## Directions for this task
Would you return, word for word, the lines running from the one with "Балашиха открыла песенным" to the final line of the listing below, pictures omitted?

## Collected data
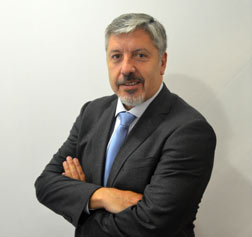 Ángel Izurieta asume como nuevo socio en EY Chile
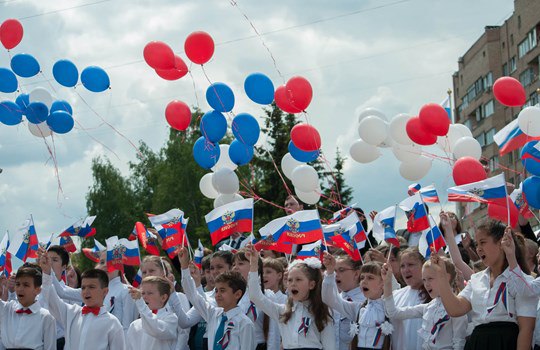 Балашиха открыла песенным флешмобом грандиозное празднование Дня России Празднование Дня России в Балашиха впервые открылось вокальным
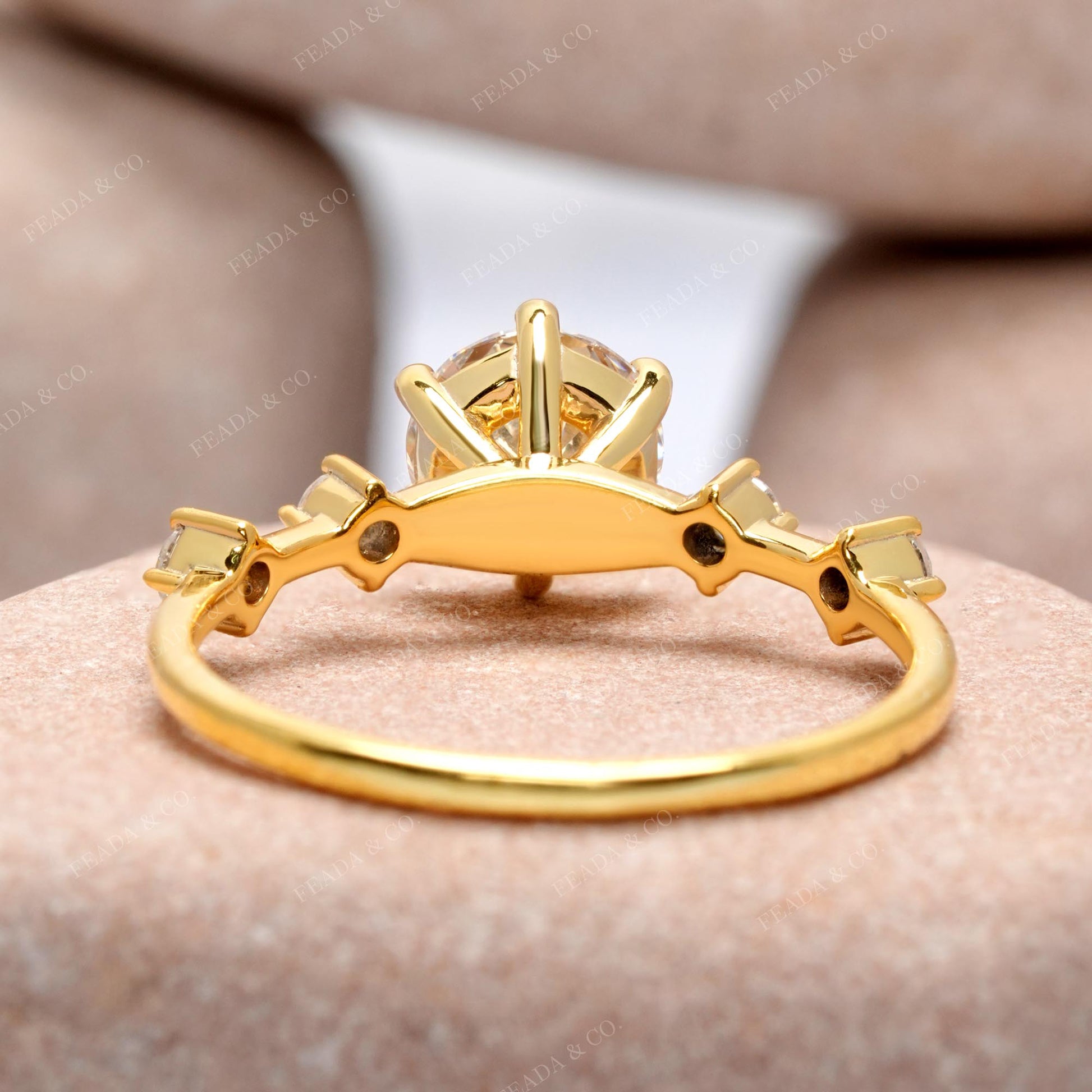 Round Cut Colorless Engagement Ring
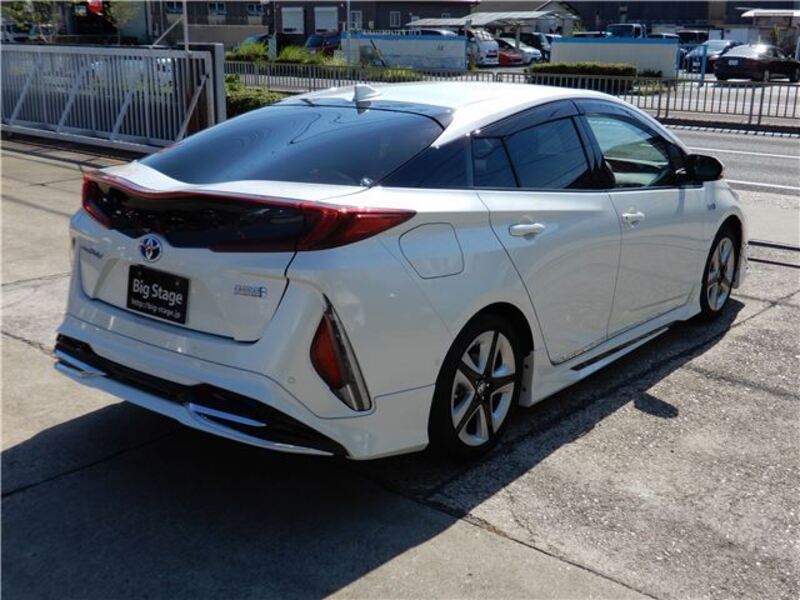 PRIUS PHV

## The completed task
 Балашиха открыла песенным флешмобом грандиозное празднование Дня России Празднование Дня России в Балашиха впервые открылось вокальным
 Round Cut Colorless Engagement Ring
 PRIUS PHV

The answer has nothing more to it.